Le fils du sénateur romain construisit une église pour remplacer l’oratoire, dédiée à Notre-Dame des Martyrs, et en fit un siège épiscopal, — le premier de la nation française. Un endroit bien mémorable pour la nation française à coup sûr ? Et méritant peut-être un petit souvenir ou monument commémoratif — croix, inscription ou quelque chose d’analogue ? Ou donc supposez-vous que cette première cathédrale de la chrétienté française s’est élevée, et de quel monument a-t-elle été honorée ? Elle s’élevait là où nous nous tenons en ce moment mon compagnon, qui que vous soyez, et le monument dont elle a été honorée est cette cheminée, dont le gonfalon de fumée nous couvre d’obscurité, le plus récent effort de l’art moderne à Amiens, la cheminée de Saint-Acheul.

La première cathédrale, vous remarquerez, de la nation française ; plus exactement le premier germe de cathédrale pour la nation française — qui n’est pas encore là ; seul ce tombeau d’un martyr est ici, cette église de Notre-Dame des Martyrs, restant sur le flanc de la colline jusqu’à ce que le pouvoir des Romains disparaisse.

La cité et l’autel tombent avec lui, foulés aux pieds par des tribus sauvages ; le tombeau est oublié — quand, à la fin, les Francs du nord couvrant de leur dernier flot ces dunes de la Somme s’est arrêté ici et ici l’étendard franc est planté, et le royaume français fondé.

9. Ici leur première capitale, ici les premiers pas[14] des Francs en France ! Réfléchissez à cela.
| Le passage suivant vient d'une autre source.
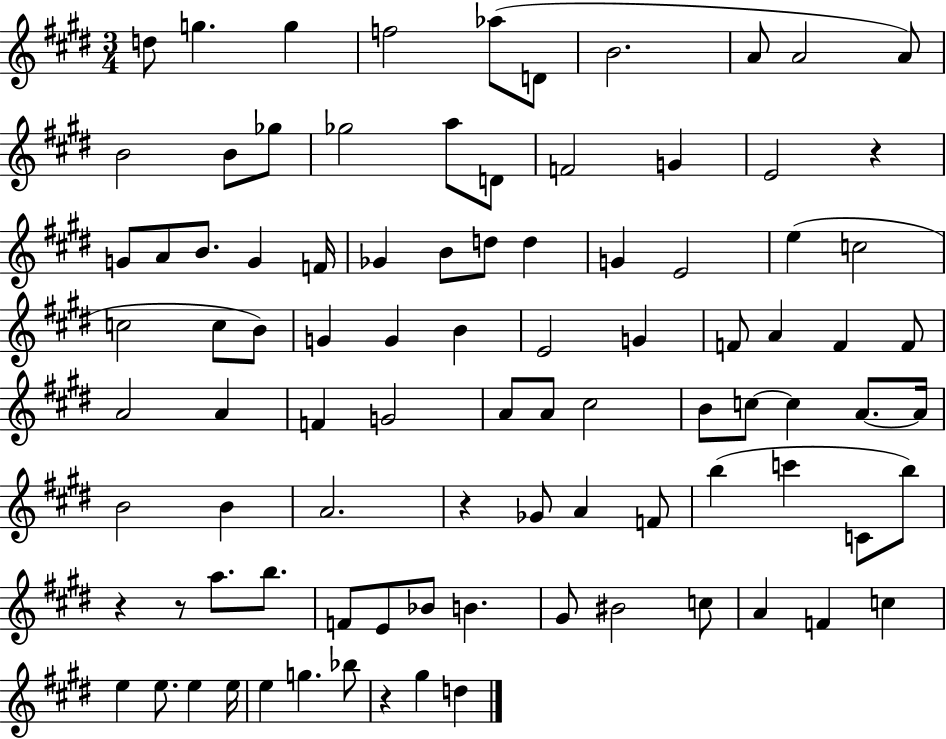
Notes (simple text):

D5/e G5/q. G5/q F5/h Ab5/e D4/e B4/h. A4/e A4/h A4/e B4/h B4/e Gb5/e Gb5/h A5/e D4/e F4/h G4/q E4/h R/q G4/e A4/e B4/e. G4/q F4/s Gb4/q B4/e D5/e D5/q G4/q E4/h E5/q C5/h C5/h C5/e B4/e G4/q G4/q B4/q E4/h G4/q F4/e A4/q F4/q F4/e A4/h A4/q F4/q G4/h A4/e A4/e C#5/h B4/e C5/e C5/q A4/e. A4/s B4/h B4/q A4/h. R/q Gb4/e A4/q F4/e B5/q C6/q C4/e B5/e R/q R/e A5/e. B5/e. F4/e E4/e Bb4/e B4/q. G#4/e BIS4/h C5/e A4/q F4/q C5/q E5/q E5/e. E5/q E5/s E5/q G5/q. Bb5/e R/q G#5/q D5/q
Dans tout le sud il y a des Gaulois, des Burgondes, des Bretons, des nations de cœur plus triste, d’esprit plus morose. Passé leur frontière, leur limite extrême, voici enfin les Francs, source de toute Franchise pour notre Europe. Vous avez entendu le mot en Angleterre, avant ce jour, mais de mot anglais, il n’y en a pas pour signifier cela. L’honnêteté nous l’avons, et elle nous vient de nous-mêmes, mais la Franchise nous devons l’apprendre de ceux-ci ; bien plus, toutes nos nations de l’ouest seront dans quelques siècles connues sous le nom de Franks. Franks du Paris qui doit exister, en un temps à venir, mais le Français de Paris est, en l’an de grâce 500, une langue aussi inconnue à Paris qu’à Stratford-att-ye-Bowe. Le Français d’Amiens est la forme royale et le parler de cour du langage chrétien, Paris étant encore dans la boue lutécienne pour devenir un jour un champ de toits peut-être, en temps voulu. Ici près de la Somme qui doucement brille, règnent Clovis et sa Clotilde.

Et auprès du tombeau de saint Firmin parle maintenant un autre doux évangéliste et la première prière du roi franc au roi des rois, il la lui adresse seulement comme au « Dieu de Clotilde ».
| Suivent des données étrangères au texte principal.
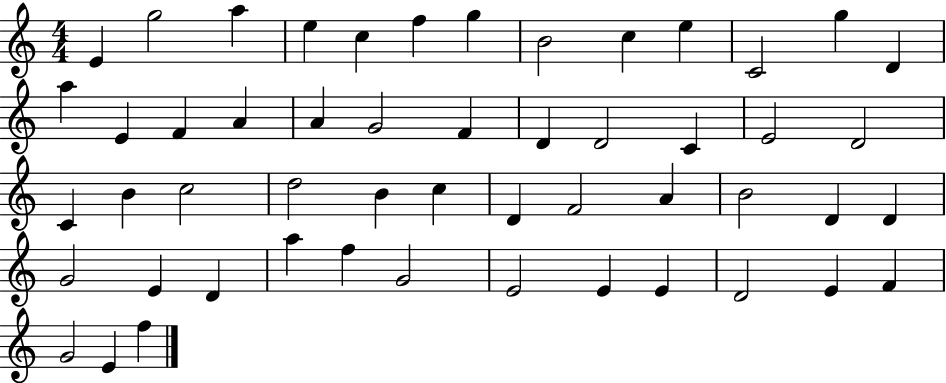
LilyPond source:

{
  \clef treble
  \numericTimeSignature
  \time 4/4
  \key c \major
  e'4 g''2 a''4 | e''4 c''4 f''4 g''4 | b'2 c''4 e''4 | c'2 g''4 d'4 | \break a''4 e'4 f'4 a'4 | a'4 g'2 f'4 | d'4 d'2 c'4 | e'2 d'2 | \break c'4 b'4 c''2 | d''2 b'4 c''4 | d'4 f'2 a'4 | b'2 d'4 d'4 | \break g'2 e'4 d'4 | a''4 f''4 g'2 | e'2 e'4 e'4 | d'2 e'4 f'4 | \break g'2 e'4 f''4 | \bar "|."
}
10. Je suis obligé de faire appel à la patience du lecteur pour une date ou deux et pour quelques faits arides — deux — trois — ou plus.

Clodion, le chef des premiers Francs qui passèrent définitivement le Rhin, fraya son chemin à travers les cohortes irrégulières de Rome, jusqu’à Amiens dont il s’empara en 445[15]

Deux ans après, à sa mort, le trône à peine affermi tombe — peut-être inévitablement — aux mains du tuteur de ses enfants, Mérovée dont la dynastie commence à la défaite d’Attila à Châlons.

Il mourut en 457. Son fils Childéric s’adonnant à l’amour des femmes, et méprisé par les soldats francs, est exilé, les Francs aimant mieux vivre sous la loi de Rome que sous un chef à eux, s’il est indigne. Il reçoit asile à la cour du roi de Thuringe et y séjourne. Son principal officier à Amiens, à son départ, rompt un anneau en deux, et, lui en donnant la moitié, lui dit de revenir lorsqu’il en recevra l’autre moitié. Et, après un grand nombre de jours, la moitié de l’anneau rompu lui est renvoyée ; il revient et les Francs l’acceptent pour roi.

La reine de Thuringe le suit (je ne puis trouver si son mari mourut avant — et encore moins, s’il mourut, de quelle mort), et s’offre à lui comme épouse.

« J’ai connu ton utilité, et que tu es très puissant, et je suis venue vivre avec toi. Si j’eusse connu au-delà de la mer quelqu’un de plus utile que toi j’aurais cherché à vivre avec lui. »

Il la prit pour femme et leur fils est Clovis.

11. Une histoire surprenante ; jusqu’où est-elle littéralement vraie n’est pour nous d’aucun intérêt ; le mythe et sa portée réelle nous découvrent la nature du royaume français et prophétisent sa future destinée. Valeur personnelle, beauté personnelle, fidélité aux rois, amour des femmes, dédain du mariage sans amour, notez que toutes ces choses y étaient tenues pour essentielles, et que dans leur corruption sera la fin du Franc comme dans leur force était sa gloire première.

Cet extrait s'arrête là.